▶ ABOUT THIS EXERCISE
Everything in the listing below must be set down again exactly, apart from the pictures.

---------------

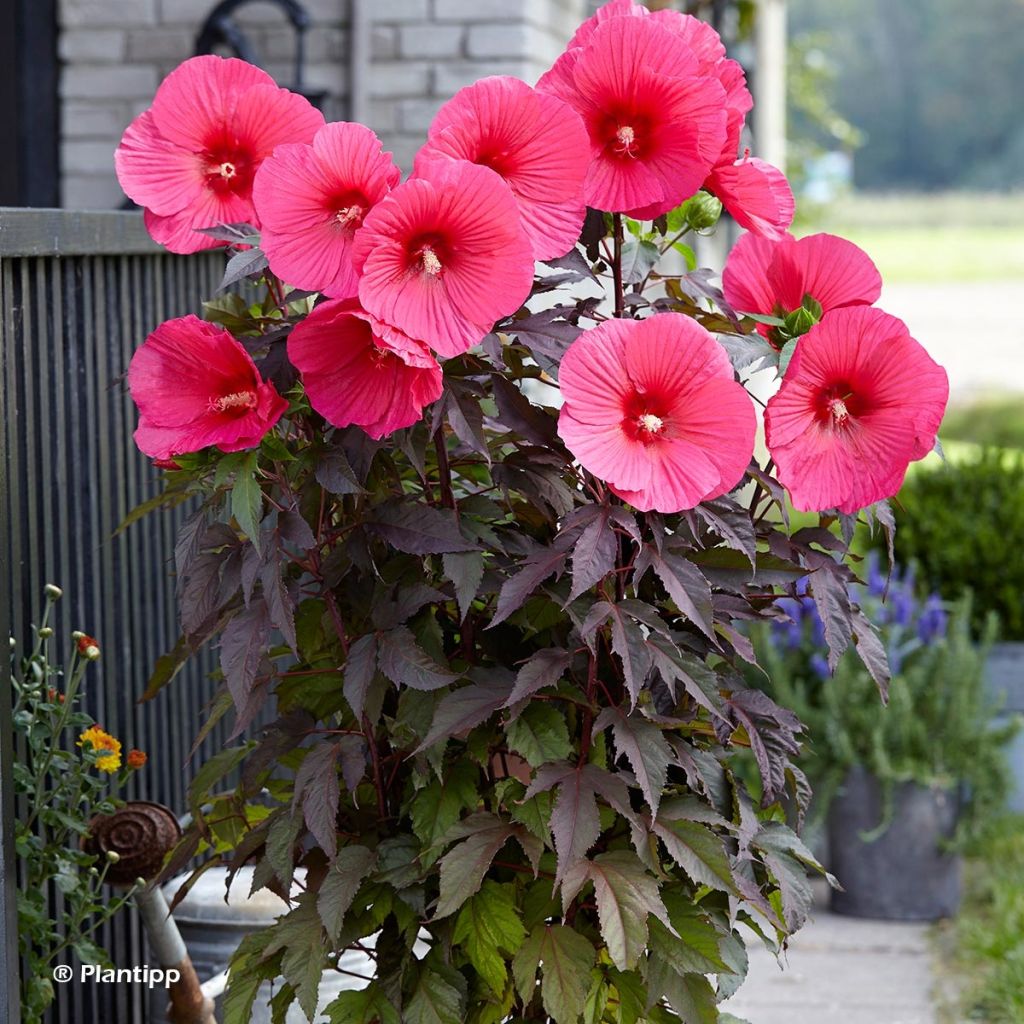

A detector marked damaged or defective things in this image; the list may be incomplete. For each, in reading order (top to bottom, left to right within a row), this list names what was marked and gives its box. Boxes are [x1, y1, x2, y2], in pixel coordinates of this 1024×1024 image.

rusty metal spiral ornament [83, 794, 182, 884]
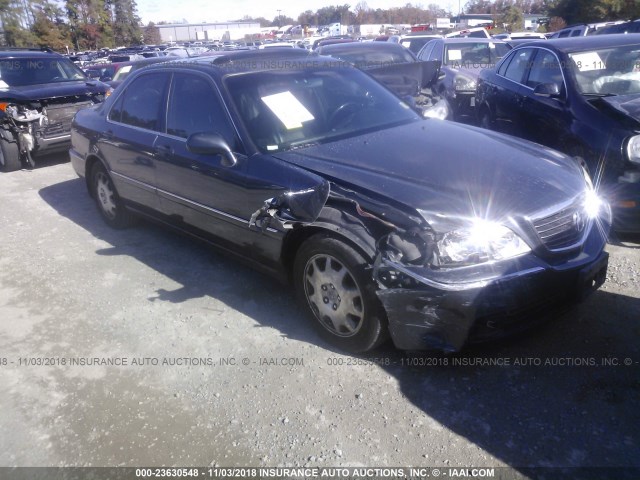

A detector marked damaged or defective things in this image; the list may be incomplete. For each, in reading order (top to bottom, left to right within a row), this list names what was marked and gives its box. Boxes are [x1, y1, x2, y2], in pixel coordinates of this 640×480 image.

crumpled hood [0, 80, 109, 102]
damaged quarter panel [69, 50, 608, 354]
crumpled hood [276, 119, 584, 226]
broken headlight [436, 220, 528, 268]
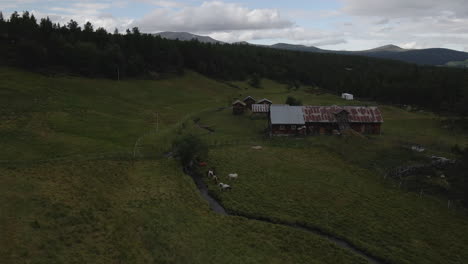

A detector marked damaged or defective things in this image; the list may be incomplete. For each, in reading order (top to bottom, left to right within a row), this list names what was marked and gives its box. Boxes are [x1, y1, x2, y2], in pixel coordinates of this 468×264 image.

---------------

▶ RESPONSE BELOW
A detector marked damaged or defective things in this image; the list may be incomplete. For each, in reading order (top to bottom, left to right within a row), this list names what was marked and gives its box. Boxes are [x1, y1, x2, y2], in pixel coordinates of this 1024×1024 image.

rusty metal spiral ornament [83, 794, 182, 884]

A detector marked damaged or defective things in this image; the list may be incomplete. For each, in reading order (top to bottom, left to right within a row), this list names what was marked and gives its box. Boxes are [x1, y1, x2, y2], in pixel coordinates of this 640×480 image.

crumpled hood [0, 80, 109, 102]
damaged quarter panel [69, 50, 608, 354]
crumpled hood [276, 119, 584, 226]
broken headlight [436, 220, 528, 268]

A detector marked damaged or defective things in this image; the list may be incomplete. For each, in reading order (top to bottom, left to right within a row), this list names what was marked and gives its box. Boxes are [x1, y1, x2, y2], in pixel coordinates of this 468×264 image.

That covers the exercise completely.